Excerpts from a dataset:
--------------------------------

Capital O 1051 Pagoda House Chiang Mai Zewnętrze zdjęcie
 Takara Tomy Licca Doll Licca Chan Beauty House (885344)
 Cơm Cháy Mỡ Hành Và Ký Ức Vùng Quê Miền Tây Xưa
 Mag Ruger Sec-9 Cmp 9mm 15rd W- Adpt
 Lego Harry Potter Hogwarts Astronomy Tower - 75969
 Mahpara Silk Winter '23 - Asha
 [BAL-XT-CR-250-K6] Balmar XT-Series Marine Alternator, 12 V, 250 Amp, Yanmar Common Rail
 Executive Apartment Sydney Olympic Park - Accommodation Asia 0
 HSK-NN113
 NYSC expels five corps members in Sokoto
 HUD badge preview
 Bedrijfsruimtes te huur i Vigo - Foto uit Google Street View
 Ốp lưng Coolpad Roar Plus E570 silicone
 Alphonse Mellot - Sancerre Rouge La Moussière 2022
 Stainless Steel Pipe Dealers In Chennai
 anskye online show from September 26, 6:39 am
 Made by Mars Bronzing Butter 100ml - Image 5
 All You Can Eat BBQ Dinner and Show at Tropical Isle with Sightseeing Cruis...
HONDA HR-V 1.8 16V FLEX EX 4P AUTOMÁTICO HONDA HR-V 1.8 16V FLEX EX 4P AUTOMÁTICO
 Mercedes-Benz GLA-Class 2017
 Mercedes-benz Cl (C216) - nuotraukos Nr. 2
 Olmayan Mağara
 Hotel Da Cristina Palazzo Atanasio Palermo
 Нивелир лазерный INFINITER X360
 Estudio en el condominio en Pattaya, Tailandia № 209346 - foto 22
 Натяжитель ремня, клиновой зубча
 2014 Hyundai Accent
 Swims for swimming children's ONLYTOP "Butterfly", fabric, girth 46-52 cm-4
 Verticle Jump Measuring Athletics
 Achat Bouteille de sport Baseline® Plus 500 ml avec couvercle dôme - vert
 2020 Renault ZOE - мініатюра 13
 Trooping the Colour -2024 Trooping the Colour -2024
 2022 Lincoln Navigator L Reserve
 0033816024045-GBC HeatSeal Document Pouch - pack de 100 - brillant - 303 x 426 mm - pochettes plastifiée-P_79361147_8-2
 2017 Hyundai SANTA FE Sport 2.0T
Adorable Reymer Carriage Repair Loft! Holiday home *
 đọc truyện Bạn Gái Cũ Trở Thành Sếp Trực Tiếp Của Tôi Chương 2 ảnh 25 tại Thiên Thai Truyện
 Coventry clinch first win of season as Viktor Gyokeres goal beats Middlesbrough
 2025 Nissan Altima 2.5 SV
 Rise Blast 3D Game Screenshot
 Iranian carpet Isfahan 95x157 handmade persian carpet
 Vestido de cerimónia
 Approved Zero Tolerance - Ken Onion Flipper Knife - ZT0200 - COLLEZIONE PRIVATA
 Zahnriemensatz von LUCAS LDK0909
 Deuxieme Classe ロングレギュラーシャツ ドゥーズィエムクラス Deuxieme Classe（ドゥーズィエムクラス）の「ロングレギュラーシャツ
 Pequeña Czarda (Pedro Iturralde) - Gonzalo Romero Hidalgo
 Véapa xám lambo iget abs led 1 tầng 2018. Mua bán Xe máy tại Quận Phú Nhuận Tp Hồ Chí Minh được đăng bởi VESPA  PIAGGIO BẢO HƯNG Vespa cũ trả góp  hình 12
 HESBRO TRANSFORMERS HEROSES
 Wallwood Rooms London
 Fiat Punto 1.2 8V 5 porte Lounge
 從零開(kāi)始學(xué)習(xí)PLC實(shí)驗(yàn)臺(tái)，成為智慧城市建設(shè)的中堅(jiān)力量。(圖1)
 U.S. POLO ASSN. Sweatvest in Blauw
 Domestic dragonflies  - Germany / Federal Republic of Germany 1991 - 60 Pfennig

--------------------------------

_What the task asks_.
Word for word, retype all of the entries above.

_Answer box_.
Capital O 1051 Pagoda House Chiang Mai Zewnętrze zdjęcie
 Takara Tomy Licca Doll Licca Chan Beauty House (885344)
 Cơm Cháy Mỡ Hành Và Ký Ức Vùng Quê Miền Tây Xưa
 Mag Ruger Sec-9 Cmp 9mm 15rd W- Adpt
 Lego Harry Potter Hogwarts Astronomy Tower - 75969
 Mahpara Silk Winter '23 - Asha
 [BAL-XT-CR-250-K6] Balmar XT-Series Marine Alternator, 12 V, 250 Amp, Yanmar Common Rail
 Executive Apartment Sydney Olympic Park - Accommodation Asia 0
 HSK-NN113
 NYSC expels five corps members in Sokoto
 HUD badge preview
 Bedrijfsruimtes te huur i Vigo - Foto uit Google Street View
 Ốp lưng Coolpad Roar Plus E570 silicone
 Alphonse Mellot - Sancerre Rouge La Moussière 2022
 Stainless Steel Pipe Dealers In Chennai
 anskye online show from September 26, 6:39 am
 Made by Mars Bronzing Butter 100ml - Image 5
 All You Can Eat BBQ Dinner and Show at Tropical Isle with Sightseeing Cruis...
HONDA HR-V 1.8 16V FLEX EX 4P AUTOMÁTICO HONDA HR-V 1.8 16V FLEX EX 4P AUTOMÁTICO
 Mercedes-Benz GLA-Class 2017
 Mercedes-benz Cl (C216) - nuotraukos Nr. 2
 Olmayan Mağara
 Hotel Da Cristina Palazzo Atanasio Palermo
 Нивелир лазерный INFINITER X360
 Estudio en el condominio en Pattaya, Tailandia № 209346 - foto 22
 Натяжитель ремня, клиновой зубча
 2014 Hyundai Accent
 Swims for swimming children's ONLYTOP "Butterfly", fabric, girth 46-52 cm-4
 Verticle Jump Measuring Athletics
 Achat Bouteille de sport Baseline® Plus 500 ml avec couvercle dôme - vert
 2020 Renault ZOE - мініатюра 13
 Trooping the Colour -2024 Trooping the Colour -2024
 2022 Lincoln Navigator L Reserve
 0033816024045-GBC HeatSeal Document Pouch - pack de 100 - brillant - 303 x 426 mm - pochettes plastifiée-P_79361147_8-2
 2017 Hyundai SANTA FE Sport 2.0T
Adorable Reymer Carriage Repair Loft! Holiday home *
 đọc truyện Bạn Gái Cũ Trở Thành Sếp Trực Tiếp Của Tôi Chương 2 ảnh 25 tại Thiên Thai Truyện
 Coventry clinch first win of season as Viktor Gyokeres goal beats Middlesbrough
 2025 Nissan Altima 2.5 SV
 Rise Blast 3D Game Screenshot
 Iranian carpet Isfahan 95x157 handmade persian carpet
 Vestido de cerimónia
 Approved Zero Tolerance - Ken Onion Flipper Knife - ZT0200 - COLLEZIONE PRIVATA
 Zahnriemensatz von LUCAS LDK0909
 Deuxieme Classe ロングレギュラーシャツ ドゥーズィエムクラス Deuxieme Classe（ドゥーズィエムクラス）の「ロングレギュラーシャツ
 Pequeña Czarda (Pedro Iturralde) - Gonzalo Romero Hidalgo
 Véapa xám lambo iget abs led 1 tầng 2018. Mua bán Xe máy tại Quận Phú Nhuận Tp Hồ Chí Minh được đăng bởi VESPA  PIAGGIO BẢO HƯNG Vespa cũ trả góp  hình 12
 HESBRO TRANSFORMERS HEROSES
 Wallwood Rooms London
 Fiat Punto 1.2 8V 5 porte Lounge
 從零開(kāi)始學(xué)習(xí)PLC實(shí)驗(yàn)臺(tái)，成為智慧城市建設(shè)的中堅(jiān)力量。(圖1)
 U.S. POLO ASSN. Sweatvest in Blauw
 Domestic dragonflies  - Germany / Federal Republic of Germany 1991 - 60 Pfennig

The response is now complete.